Although my primary reasons for being in Maine were to hang Evolving Beauty, give an emulsion transfer workshop, and make a series of presentations on my work, I also had plans to work with a number of models, outdoors if possible, and indoors if the weather was prohibitive.
Leslie was the first model I had an opportunity to work with, and as it
was too cold outside, we (sensibly) stayed inside, working at the home
of another model.
I'm always a little leery of working with
natural light indoors...it's like a studio, in that to achieve the
qualities I seek (a degree of universality), I try to remove all
specific references (furniture, books, wall-hangings etc.) and yet,
unlike a studio, I haven't control over the lighting...I get what is
there.
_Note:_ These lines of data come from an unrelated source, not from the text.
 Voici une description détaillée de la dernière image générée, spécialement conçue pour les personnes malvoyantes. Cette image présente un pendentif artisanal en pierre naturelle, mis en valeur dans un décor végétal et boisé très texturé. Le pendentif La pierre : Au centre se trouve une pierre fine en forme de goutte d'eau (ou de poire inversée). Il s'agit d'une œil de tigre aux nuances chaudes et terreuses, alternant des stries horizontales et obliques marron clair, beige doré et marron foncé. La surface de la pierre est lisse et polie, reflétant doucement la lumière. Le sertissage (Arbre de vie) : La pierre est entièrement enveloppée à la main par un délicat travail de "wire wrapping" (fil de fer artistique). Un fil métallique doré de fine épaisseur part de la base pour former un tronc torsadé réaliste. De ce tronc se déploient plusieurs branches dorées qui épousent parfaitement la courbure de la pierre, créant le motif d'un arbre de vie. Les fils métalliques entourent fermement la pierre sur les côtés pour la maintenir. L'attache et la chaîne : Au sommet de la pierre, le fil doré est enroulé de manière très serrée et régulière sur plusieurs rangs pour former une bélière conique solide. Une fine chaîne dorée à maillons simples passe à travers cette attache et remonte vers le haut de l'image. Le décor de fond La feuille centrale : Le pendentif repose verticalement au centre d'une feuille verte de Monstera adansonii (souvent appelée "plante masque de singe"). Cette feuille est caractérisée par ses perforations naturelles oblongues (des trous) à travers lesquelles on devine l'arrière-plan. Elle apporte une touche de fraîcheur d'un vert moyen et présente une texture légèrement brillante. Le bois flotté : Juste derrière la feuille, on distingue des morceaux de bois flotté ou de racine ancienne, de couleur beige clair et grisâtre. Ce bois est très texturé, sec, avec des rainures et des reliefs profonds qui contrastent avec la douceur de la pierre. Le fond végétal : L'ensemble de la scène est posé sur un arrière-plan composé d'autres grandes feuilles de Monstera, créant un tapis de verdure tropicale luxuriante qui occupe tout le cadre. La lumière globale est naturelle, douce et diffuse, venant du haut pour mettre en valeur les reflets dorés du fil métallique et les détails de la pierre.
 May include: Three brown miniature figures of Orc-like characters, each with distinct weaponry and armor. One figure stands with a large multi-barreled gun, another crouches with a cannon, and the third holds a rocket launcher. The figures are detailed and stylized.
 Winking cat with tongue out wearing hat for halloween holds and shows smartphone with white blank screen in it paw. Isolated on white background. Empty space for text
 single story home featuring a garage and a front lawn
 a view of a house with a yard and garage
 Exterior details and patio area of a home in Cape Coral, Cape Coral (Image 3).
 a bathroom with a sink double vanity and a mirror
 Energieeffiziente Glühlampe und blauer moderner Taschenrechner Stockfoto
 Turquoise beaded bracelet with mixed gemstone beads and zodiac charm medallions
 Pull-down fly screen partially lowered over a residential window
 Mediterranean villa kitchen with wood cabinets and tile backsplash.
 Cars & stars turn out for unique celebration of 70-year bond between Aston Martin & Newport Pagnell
It's good in some ways - like working outdoors, it tends to be
reactive image-making (i.e. I search for the photo, or have it revealed
to me, as opposed to "make" it), but by the same token, I am controlling
the environmental setting, but have no control over the environmental
lighting ... a frustrating combination.
All that said, I am terribly pleased with the results. The soft lighting that came through the large windows at Laurel's house was wonderfully descriptive, falling across the plains of Leslie's body in light sheets. Leslie's comfort with the camera, and openness to the experience (she had not previously modeled nude) made the whole session rich with images, both portraits and abstracted nudes.